Records for this exercise:
*** Begin section ***

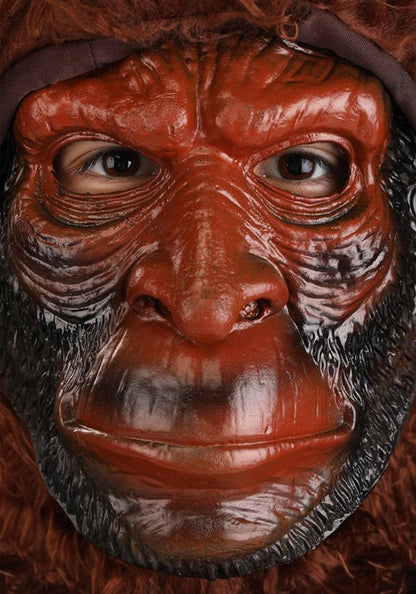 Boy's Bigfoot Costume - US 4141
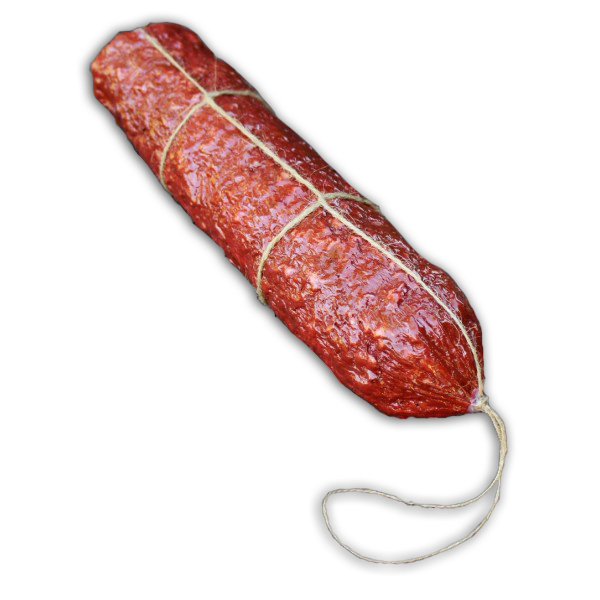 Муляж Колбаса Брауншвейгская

*** End section ***
*** Begin section ***

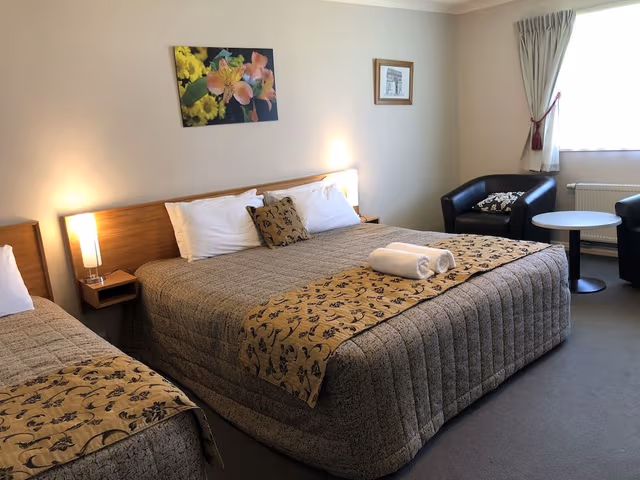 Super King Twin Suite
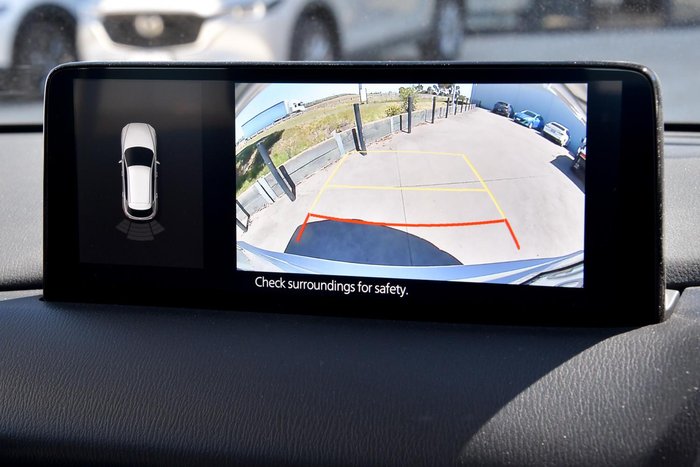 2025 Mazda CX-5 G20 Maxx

*** End section ***
*** Begin section ***

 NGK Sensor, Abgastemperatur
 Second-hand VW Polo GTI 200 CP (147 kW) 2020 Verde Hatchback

*** End section ***

Task directions: Going back to the data above, write out everything from the line with "Boy's Bigfoot Costume - US 4141" down to the line with "Муляж Колбаса Брауншвейгская", both included, leaving every picture out.

Result of this task:
 Boy's Bigfoot Costume - US 4141
 Муляж Колбаса Брауншвейгская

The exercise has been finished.